This transcript was generated automatically and may contain errors.

Hi, everyone. I'm Gagandeep Singh, and I'm joined by my colleague, Xu Fei. We are solutions engineers at RStudio, soon to be called Posit. And we are here to answer a question that we get asked a lot, which is, can you use Python with RStudio Team? And the answer is, of course, yes, you can.

Very recently, I had to answer this question, so I'm going to start by sharing a story with you. I'm an Indian national. In order to be here in the U.S. to attend this conference, I need to get a visa. And as part of the immigration process, I have to get an interview with an officer, where they ask you questions like, where are you going? What will you be doing? So I told them that I'm going to this conference, I'm giving a talk about using Python with RStudio. The officer said, oh, I know Python, but I didn't know you could use it with RStudio.

Well, I told him that's exactly what my talk is about. Unfortunately, officer Johnson could not be here with us today. But if you're in the audience, we are assuming that you're a multilingual data scientist who has access to RStudio products and wants to use Python with them. Or you are an R user who works with a lot of Python colleagues, and you may or may not have access to our products, but you're looking for ways to collaborate with them.

The bike share use case

So it is one thing to say that you can use Python in RStudio products. We're here to show you how it works with a use case. We're in the D.C. area right now, and there is an active bike share program outside called Capital Bike Share. We went out and took the picture yesterday, and this is the station right outside of the hotel. As you can see, there are bikes docked into the bike station. When you go to the company's website, you will see a map that shows you all the bike stations. When you click on one of the stations, it will show you how many bikes are available right now from a live data feed.

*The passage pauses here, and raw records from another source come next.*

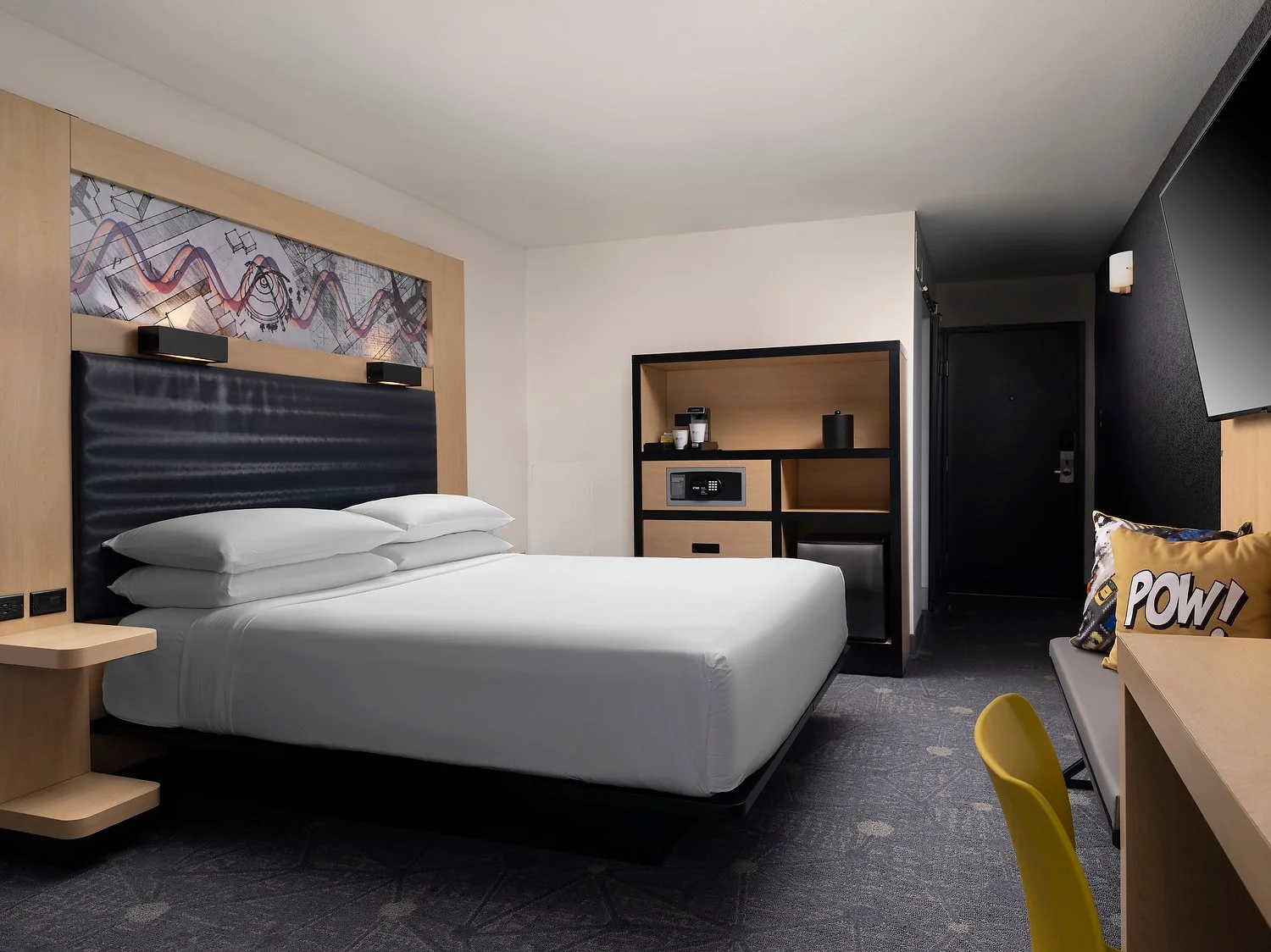 LAX Aloft - Room 913- King Reverse.JPG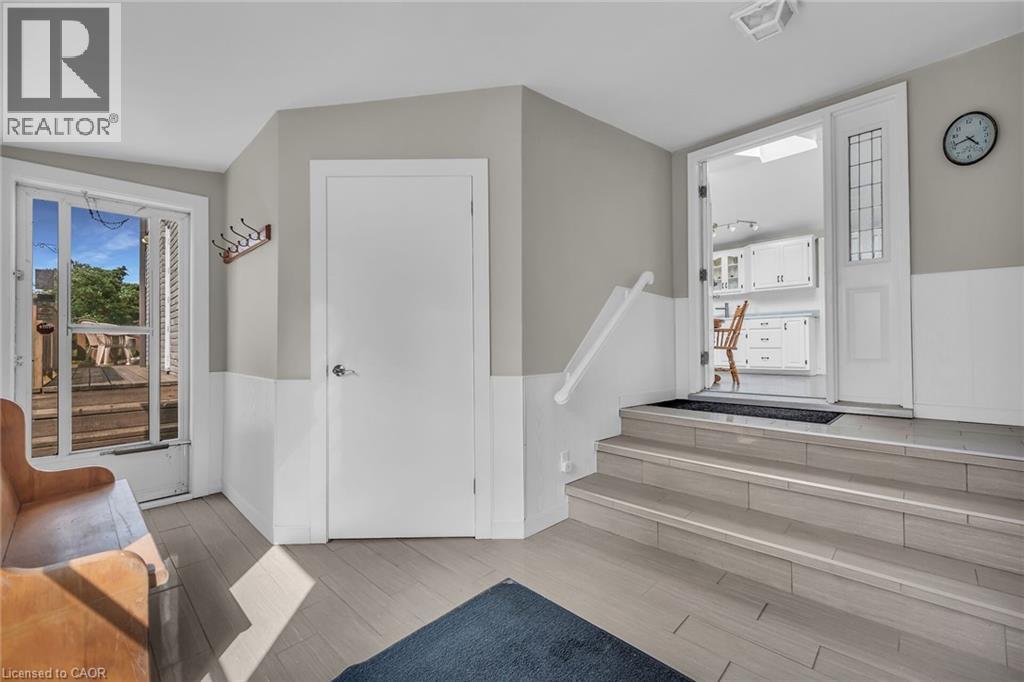 270 Erie Boulevard, Long Point, ON - Indoor Photo Showing Other Room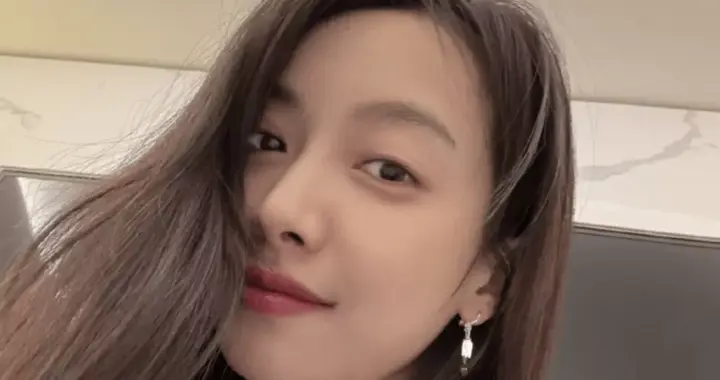 宋茜居家造型：白T与长发的极简美学宣言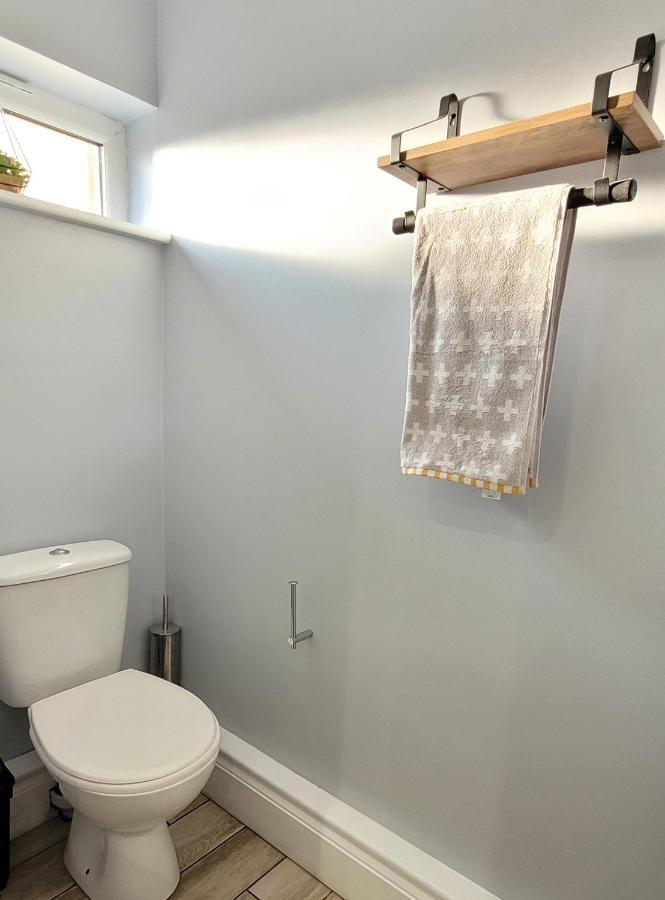 Sutherland St - 2 Bed Home With Free Parking York Exterior photo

Now, what it doesn't tell you is how many bikes are going to be available in the future. As we know, the bike availability varies a lot by the time of day, the location, and we, if we want to have a smooth trip experience, we want to be able to predict how many bikes are going to be available in the future. So because there's a live data feed, we can actually grab the data, store it somewhere, and make a predictive model so that we can actually know how many bikes are going to be available in the future.

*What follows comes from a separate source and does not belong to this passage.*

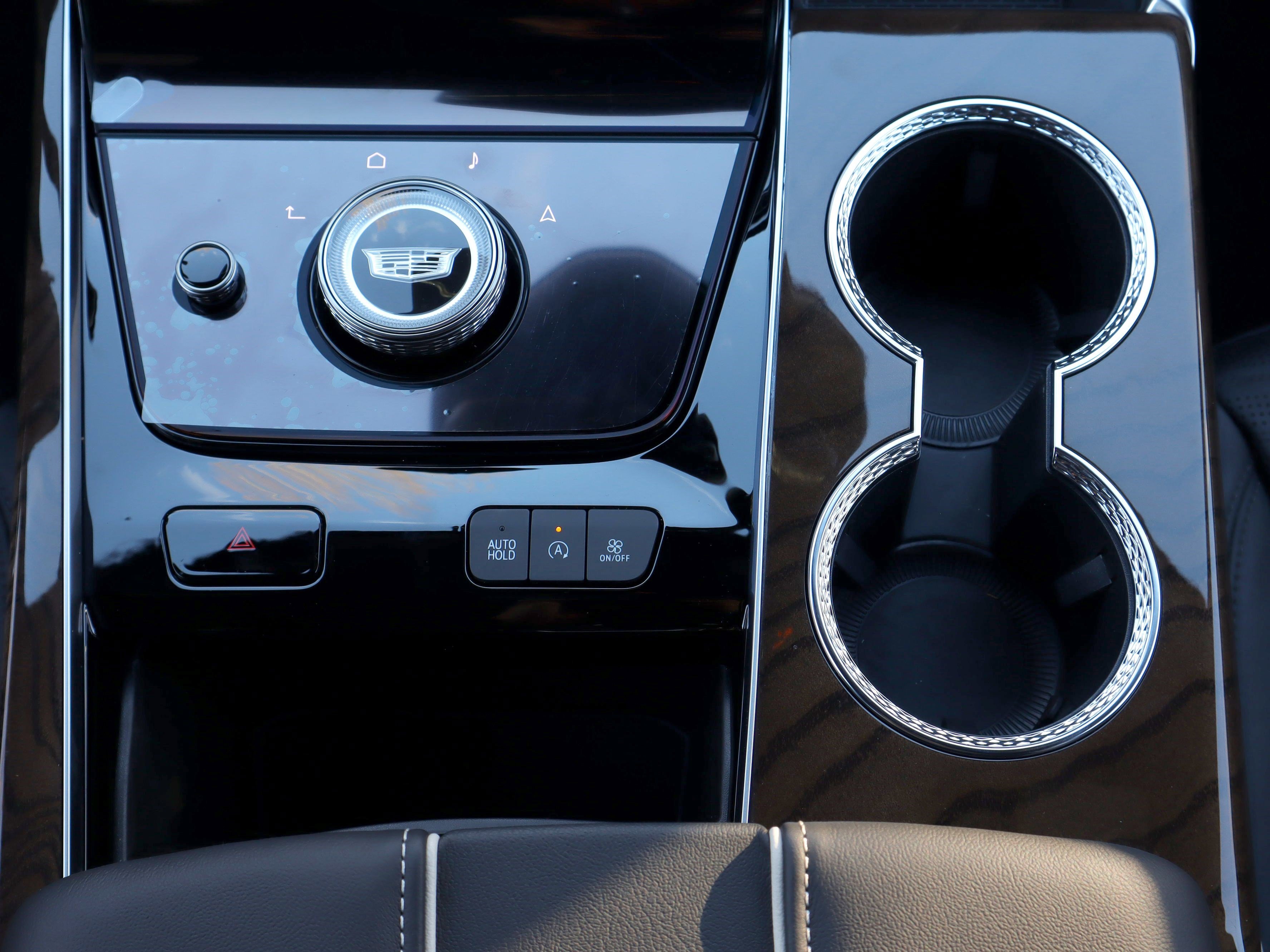 Used 2026 Cadillac Escalade Platinum Sport image 27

So if you were here at the very conference back in 2020, you probably have seen a talk that uses the similar data set, does everything in R packages. It's actually from our colleague Alex. So this project has been successfully running for over two years. So a lot of data has been processed and stored as interoperable data assets that we'll get back to in a second.

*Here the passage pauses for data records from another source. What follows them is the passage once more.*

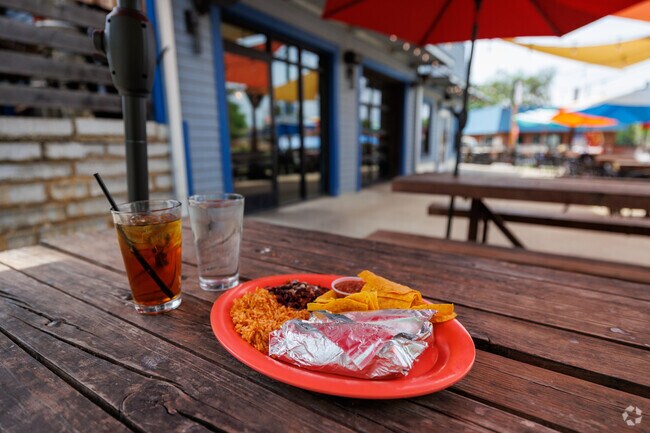 The South Knoxville area near the Sevier Home neighborhood is home to many great craft eateries.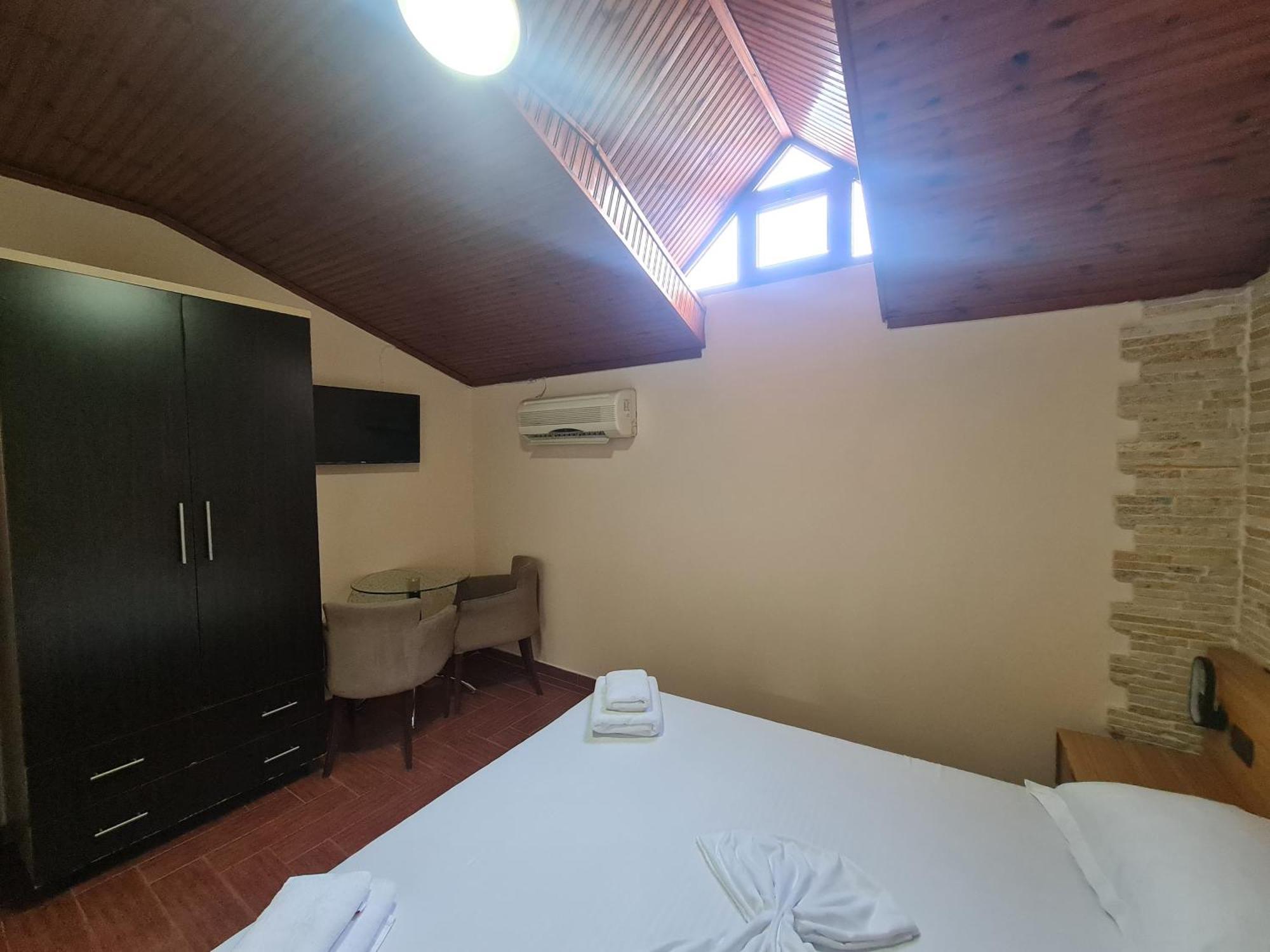 Hotel La Villa Tirana Esterno foto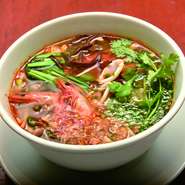 海老、いか、あさりとたっぷりの野菜が入った辛くて酸っぱいスープです。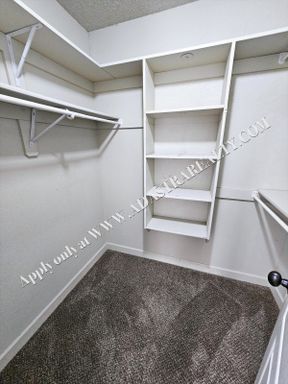 917 SW Imperial Ln,, Blue Springs, MO 64064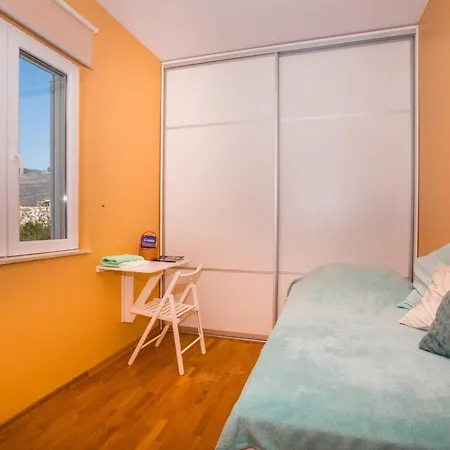 3 Beaches With Free Parking *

When I joined the company last year from more of a Python data science background, Gagan and I started talking. So since we have all these data, can we do something different? Can we do something entirely in Python and using our pro products? And we wanted to do this for two reasons. Number one, well, just because we can, why not? Well, that's not really a good reason. The second reason is actually we thought this could be a very common scenario where in our pro product customers, the teams that work in one language may want to collaborate with another team in a different language using interoperable data assets that's completely deployed in the pro product ecosystem.

So we are also thinking that the conference is going to be in D.C., so we actually get to go to D.C. and ride those bikes. And here we are.

Workflow overview

So let's recap the workflow for the bike prediction use case. As in with any other project, it starts with the data source, which in this case is the capital bike share API, and the data is refreshed every day. Then the objective is to import this data, transform it, and save it either in a database or an interoperable data asset like bins, so based on the frequency of the update. Then we have to consume this data, build a prediction model to show the number of bikes for each bike station. Then we have to move this model to a deployable location where the output, the predictions of the number of bikes can be shared with other applications. And speaking of other applications, we have to build a way to share the predictions with our users.

As in with the previous talk, this work is already available and running successfully all in R. So Shufay and I, when we were looking at this use case, we realized that we have access to this data already in the form of the database and the bins that the R ETL process is updating. So we decided to, in order to address the needs of a team which uses a similar workflow, where part of the workflow is in one language and part of the workflow is in another language, we decided that we'll build the model, build the dashboards in Python, all within our RStudio products.

So let's take a look at the application itself. So this is developed in Shiny for Python, as you heard yesterday, deployed on RStudio Connect, which we'll get into in a second. You see a map of the DC area, and there are circles with numbers in them. These represent this cluster of bike stations. If you click into it, it zooms in, and eventually we'll see blue circles that represent the stations themselves. The bigger the circle, the more bikes that are available, and if you click on one of the circles, it's going to give you the predictive graph of the number of bikes available in the next 24 hours.

RStudio Team products

So you heard of RStudio Team and RStudio professional products, and how does ‑‑ what are they? And why do we need them? And how does Python fit in here? RStudio Team is actually an umbrella term for three professional products, namely Workbench, Connect, and Package Manager.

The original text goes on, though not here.